• What to produce
Nothing below is to be printed except the lines between the line holding "Vittorio Farina Men's" and the line holding "Velvet Christmas Balls, Velvet", inclusive, each exactly as it appears.

• Exercise data
● ● ● ●
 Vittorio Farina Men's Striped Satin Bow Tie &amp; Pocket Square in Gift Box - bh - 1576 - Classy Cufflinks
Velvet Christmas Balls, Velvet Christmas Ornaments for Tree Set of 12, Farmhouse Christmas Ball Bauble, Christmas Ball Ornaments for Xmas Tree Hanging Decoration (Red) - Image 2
● ● ● ●
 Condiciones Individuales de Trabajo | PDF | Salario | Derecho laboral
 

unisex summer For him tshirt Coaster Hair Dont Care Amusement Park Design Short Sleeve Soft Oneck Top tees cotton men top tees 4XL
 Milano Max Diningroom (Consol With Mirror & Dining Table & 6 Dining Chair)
● ● ● ●
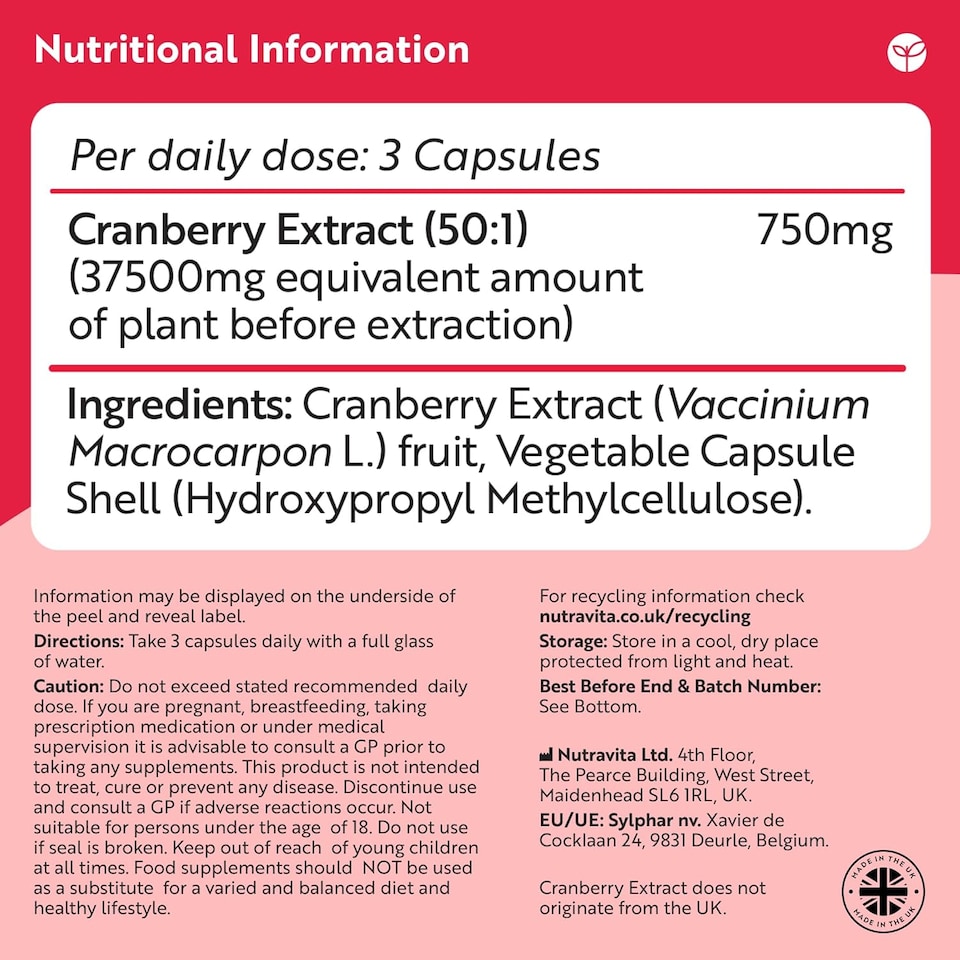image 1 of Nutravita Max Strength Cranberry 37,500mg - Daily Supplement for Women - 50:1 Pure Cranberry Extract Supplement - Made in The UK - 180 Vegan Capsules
● ● ● ●
• Answer space
 Vittorio Farina Men's Striped Satin Bow Tie &amp; Pocket Square in Gift Box - bh - 1576 - Classy Cufflinks
Velvet Christmas Balls, Velvet Christmas Ornaments for Tree Set of 12, Farmhouse Christmas Ball Bauble, Christmas Ball Ornaments for Xmas Tree Hanging Decoration (Red) - Image 2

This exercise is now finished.